Go to the line holding "Ramazan Ayı’nda mescid" in the entries below and write out exactly every line down to and including the line holding "هتل Uros Suma Qhota Lodge".
□ □ □ □
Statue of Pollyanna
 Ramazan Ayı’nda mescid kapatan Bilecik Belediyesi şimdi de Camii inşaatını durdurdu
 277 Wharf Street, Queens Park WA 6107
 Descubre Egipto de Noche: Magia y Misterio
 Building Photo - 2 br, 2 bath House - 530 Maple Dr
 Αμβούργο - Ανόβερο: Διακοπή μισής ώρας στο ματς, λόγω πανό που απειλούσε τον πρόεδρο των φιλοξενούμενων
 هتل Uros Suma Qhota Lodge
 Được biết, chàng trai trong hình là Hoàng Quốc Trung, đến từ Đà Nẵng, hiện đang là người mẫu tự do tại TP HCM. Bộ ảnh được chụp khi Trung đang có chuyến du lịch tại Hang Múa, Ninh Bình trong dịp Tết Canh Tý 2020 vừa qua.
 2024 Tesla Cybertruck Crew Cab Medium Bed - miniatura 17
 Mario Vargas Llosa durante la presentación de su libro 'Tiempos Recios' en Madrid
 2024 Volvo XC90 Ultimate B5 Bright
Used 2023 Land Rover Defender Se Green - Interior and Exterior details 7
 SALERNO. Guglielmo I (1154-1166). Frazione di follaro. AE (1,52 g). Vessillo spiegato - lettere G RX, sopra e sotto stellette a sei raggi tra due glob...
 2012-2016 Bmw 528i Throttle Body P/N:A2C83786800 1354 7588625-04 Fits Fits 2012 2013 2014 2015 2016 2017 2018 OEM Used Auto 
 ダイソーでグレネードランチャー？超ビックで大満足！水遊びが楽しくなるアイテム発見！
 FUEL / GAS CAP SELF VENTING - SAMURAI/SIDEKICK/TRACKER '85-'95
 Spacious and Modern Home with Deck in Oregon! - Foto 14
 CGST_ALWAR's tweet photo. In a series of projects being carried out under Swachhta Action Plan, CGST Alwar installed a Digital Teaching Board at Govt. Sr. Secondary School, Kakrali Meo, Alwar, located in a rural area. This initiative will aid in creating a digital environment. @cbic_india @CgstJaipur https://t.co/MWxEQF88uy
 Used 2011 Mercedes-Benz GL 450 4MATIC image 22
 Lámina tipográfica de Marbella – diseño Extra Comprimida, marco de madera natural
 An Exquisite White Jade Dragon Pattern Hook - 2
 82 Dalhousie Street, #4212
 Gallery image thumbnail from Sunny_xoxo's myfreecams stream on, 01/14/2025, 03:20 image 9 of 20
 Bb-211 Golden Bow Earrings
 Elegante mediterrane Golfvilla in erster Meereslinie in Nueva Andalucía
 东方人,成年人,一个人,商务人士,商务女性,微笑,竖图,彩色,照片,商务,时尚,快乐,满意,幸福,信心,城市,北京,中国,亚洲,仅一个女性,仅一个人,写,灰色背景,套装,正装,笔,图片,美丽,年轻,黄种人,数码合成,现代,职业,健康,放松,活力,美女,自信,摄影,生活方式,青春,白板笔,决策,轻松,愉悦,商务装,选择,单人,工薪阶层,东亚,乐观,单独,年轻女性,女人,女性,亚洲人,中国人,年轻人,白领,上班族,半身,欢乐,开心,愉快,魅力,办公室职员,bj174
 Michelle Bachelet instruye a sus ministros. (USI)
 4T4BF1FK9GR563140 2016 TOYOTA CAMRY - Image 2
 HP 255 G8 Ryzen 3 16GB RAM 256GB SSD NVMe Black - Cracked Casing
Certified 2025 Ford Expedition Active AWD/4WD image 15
□ □ □ □
◆ OUTPUT OF THE EXERCISE:
 Ramazan Ayı’nda mescid kapatan Bilecik Belediyesi şimdi de Camii inşaatını durdurdu
 277 Wharf Street, Queens Park WA 6107
 Descubre Egipto de Noche: Magia y Misterio
 Building Photo - 2 br, 2 bath House - 530 Maple Dr
 Αμβούργο - Ανόβερο: Διακοπή μισής ώρας στο ματς, λόγω πανό που απειλούσε τον πρόεδρο των φιλοξενούμενων
 هتل Uros Suma Qhota Lodge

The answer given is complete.